Amy Poehler’s career knows no bounds, which is particularly awesome after the end of Parks & Rec. Her IMDb profile reveals some completed movies and current filming for the Wet Hot American Summer reboot on Netflix. Fast Company just named her #8 on its 100 Most Creative People in Business list. Their profile mentions that Poehler both champions other female comedians and mentors up-and-comers. Show business is hard on women, and comedy is a particularly tough branch for women to crack. As Kaiser mentioned when considering Amy Schumer, women don’t get as much leeway for the same jokes that men tell. In this interview, Poeher hints at that inequality and discusses the different treatment women receive as working parents. We talk a lot about how magazines are obsessed with asking women about parenting. Poehler says she receives the same treatment during professional meetings:
On surviving comedy as a woman: “I have these meetings with really powerful men and they ask me all the time, ‘Where are your kids? Are your kids here?’” she says with a sneer. “It’s such a weird question. Never in a million years do I ask guys where their kids are. It would be comparable to me going to a guy, ‘Do you feel like you see your kids enough?’”
The scrutiny makes her uncomfortable: “It’s a struggle for me to remain open. To not shut down because I’m defensive or scared or maybe my ego is getting in the way. And the other side of that is just believing that I belong where I am and deserve to take up space. I fight constantly between those two things, between not apologizing for what I want and staying vulnerable and creatively supple and not thinking I know better than everyone else.”
On talking like a man: “I often look to men to model behavior. Not because I want to squelch what’s feminine about me, but because sometimes I want a little more action, a little less feeling in my interactions. I’ve been doing this thing lately where I try to talk slower at meetings. I take a lot of meetings with women and we all talk really fast. But every guy talks so much slower. I think men are just a little bit more comfortable taking up conversational real estate. So I’ve been seeing how slow I can tolerate talking. I’m doing it now. Let me tell you, it’s really hard for me.”

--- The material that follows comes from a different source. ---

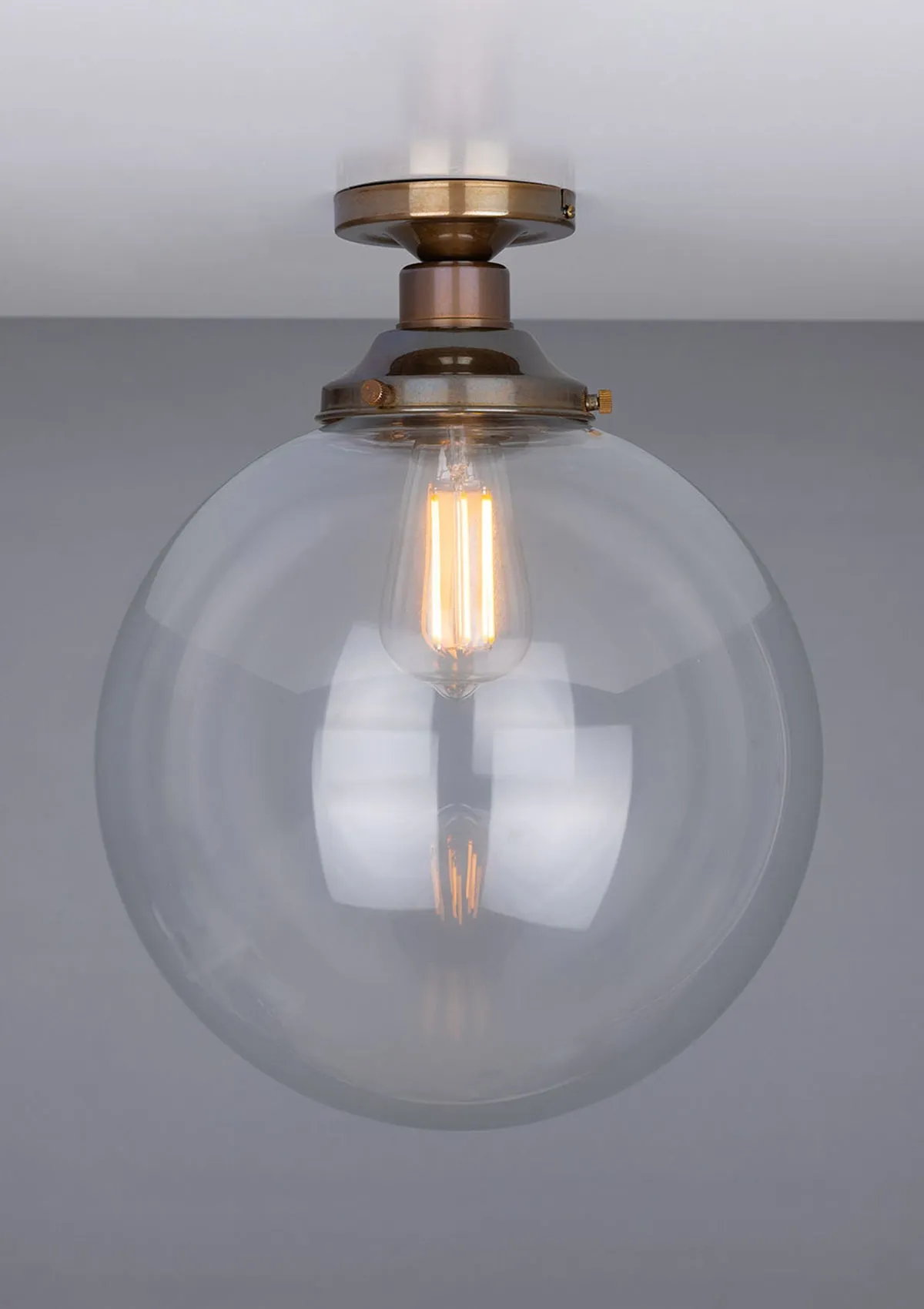 Riad Clear Glass Globe Flush Ceiling Light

Why she works so heavily with emerging female talent: “It’s selfish. I just like working with women.”
She’s very involved with the Worldwide Orphans Foundation: “When I’m with my kids, I feel so lucky to have all this love in my life. But these orphans have nobody who lights up when they come into the room, and that’s really, really heavy.”
[Form Fast Company]
I love that Amy is talking to a major business/entrepreneurship magazine about the unbalanced treatment of working mothers and fathers. During last year’s promotion of her Yes Please memoir, Amy also discussed an “unspoken pact“ that women feel they should follow. She said working mothers are supposed to act guilty, and stay-at-home moms are supposed to act bored without a career. Really, both groups are happy with their choices, but society tells us to always question whether we’re doing the wrong thing. Guilt, man.
Amy’s involvement with the Worldwide Orphans Foundation continues to impress. The charity’s CEO, Jane Aronson, told Fast Company that Amy “gets totally involved. She’s better than a board member, she’s a partner.” Amy’s visited Haiti, and she’ll head to Ethiopia in the fall. She isn’t simply a celebrity name on the charity’s roster.